Payroll Connectivity Firm Pinwheel Raises $50M

payroll

Payroll connectivity API firm Pinwheel says it’s preparing to expand after raising $50 million in a Series B funding round.

The New York-based firm announced the funding in a news release Tuesday (Jan. 18), saying it would use the money to triple its headcount to 180 workers, focusing on engineering roles. This will allow Pinwheel to continue work on its early wage access (EWA) efforts and explore new areas like tax preparation.

Pinwheel says its mission is “to help create a fairer financial system by providing an API that makes it easy for businesses to securely connect payroll accounts to their applications with consumer permission.”

Read also: MX Joins Forces with Pinwheel on Payroll Connectivity, Income Verification

This can help financial institutions provide equal access to services for everyone, including the bulk of Americans considered “financially unhealthy,” the firm said.

Among the tools offered by Pinwheel is real-time data about income that can be used to enable things like EWA, in which a person can get money as soon as they’ve earned in instead of having to wait for a paycheck.
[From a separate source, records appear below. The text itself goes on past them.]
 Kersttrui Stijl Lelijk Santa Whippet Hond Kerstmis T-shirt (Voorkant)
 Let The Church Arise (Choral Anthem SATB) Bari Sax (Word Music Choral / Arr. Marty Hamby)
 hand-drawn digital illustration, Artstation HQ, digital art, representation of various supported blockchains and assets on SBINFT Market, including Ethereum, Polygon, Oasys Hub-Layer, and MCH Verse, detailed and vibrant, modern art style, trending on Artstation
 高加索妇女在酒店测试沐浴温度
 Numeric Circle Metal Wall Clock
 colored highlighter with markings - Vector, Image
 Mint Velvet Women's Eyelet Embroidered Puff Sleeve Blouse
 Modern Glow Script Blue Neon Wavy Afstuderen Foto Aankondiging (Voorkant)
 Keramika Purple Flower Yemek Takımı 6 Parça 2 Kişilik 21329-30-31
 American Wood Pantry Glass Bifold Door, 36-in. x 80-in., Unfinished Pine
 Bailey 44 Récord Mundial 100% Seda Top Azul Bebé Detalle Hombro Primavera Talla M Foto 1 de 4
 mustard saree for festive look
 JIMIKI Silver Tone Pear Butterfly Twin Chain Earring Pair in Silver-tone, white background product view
“I’m particularly passionate about addressing the vicious cycle of paycheck-to-paycheck-living that plagues almost 80% of people in the United States, by developing products that will power EWA and dynamic lending opportunities,” said Kurtis Lin, co-founder and CEO of Pinwheel.

“I look forward to a world where people are proactively offered new terms of payment for a personal loan should they lose their job, or earlier access to their paycheck in a time of crisis instead of facing payday loan sharks.”

The funding round was led GGV Capital, along with returning investors Coatue, First Round Capital, and Upfront Ventures, plus new investors that included AMEX Ventures, Indeed, Kraken Ventures and Franklin Templeton.

Last year, Pinwheel collaborated with the financial data platform MX to offer customs expanded coverage of income verification, improved financial guidance and better underwriting models for stronger lending decisions.